Kylie Fitzpatrick has Masters and Doctoral degrees in Creative Writing and has lectured for nine years on the world-leading Creative Writing program at Bath Spa University. She has worked in script development for the BBC, Australian Broadcasting Commission and Beyond Productions, in Europe, the U.S. and Australia. Kylie is passionate about supporting emerging voices and has worked with published and unpublished authors across genres, literary and mainstream: YA; historical; genre fiction, non-fiction and memoir. Her four historical novels are published in eleven languages. Her books are: TapestryThe Secret of the Ninth StoneThe Silver ThreadWomen of the Round Table. You can find out more about Kylie here.

​“It’s a lucky writer who falls into the hands of Kylie Fitzpatrick. Astute, capable, experienced and with a fantastic intuition for drawing out the soul of a manuscript, Kylie is able – with great gentleness – to guide you in the right direction.”

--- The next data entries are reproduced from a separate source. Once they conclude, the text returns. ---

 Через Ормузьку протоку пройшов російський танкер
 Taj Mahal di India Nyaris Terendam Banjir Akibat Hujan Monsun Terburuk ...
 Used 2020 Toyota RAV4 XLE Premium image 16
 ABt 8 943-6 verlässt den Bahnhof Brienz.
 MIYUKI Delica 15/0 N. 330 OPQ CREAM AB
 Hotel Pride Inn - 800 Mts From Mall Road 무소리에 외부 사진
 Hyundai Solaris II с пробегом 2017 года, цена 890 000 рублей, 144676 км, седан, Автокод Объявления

“Kylie is an extremely wise and encouraging mentor. She brings her considerable experience of writing and the publishing world to her feedback, which is subtle and sure-footed, but always sensitively delivered. She’s exactly the person you want on your team.”

Stephanie Carty

Stephanie Carty is a writer, NHS Consultant Clinical Psychologist and trainer in Gloucestershire, UK. Her short fiction is widely published. She has been shortlisted for many competitions including the Bristol Short Story Prize, Aesthetica Creative Writing Award and Bridport Prize and won prizes in competitions including Bath Flash Fiction Award and Bath Short Story Award. She has judged flash fiction and Novella-in-Flash competitions. She has taught face-to-face classes and online courses to writers for the last four years and has a post-graduate qualification in higher and professional education. Her novella-in-flash Three Sisters of Stone won Best Novella in the Saboteur Awards. Her writers’ craft book Inside Fictional Minds: Tips from Psychology for Creating Characters was published in 2021. Her short fiction collection The Peculiarities of Yearning will be published in Spring 2022. Find out more on her website.

 

Tom Conaghan

Tom Conaghan is the founder and publisher at Scratch Books. He is also editor at Lolli Editions, commissioning editor at The Word Factory, fiction editor at Bandit Fiction Literary Journal as well as editor at a boutique West London Literary Agency.

He is an experienced editor of a variety of work: from short stories, to experimental and genre-breaking literary fiction, through to a range of commercial projects. In his publishing of the Reverse Engineering anthologies, he shares his passion for the inspiration and dedication behind the best recent fiction.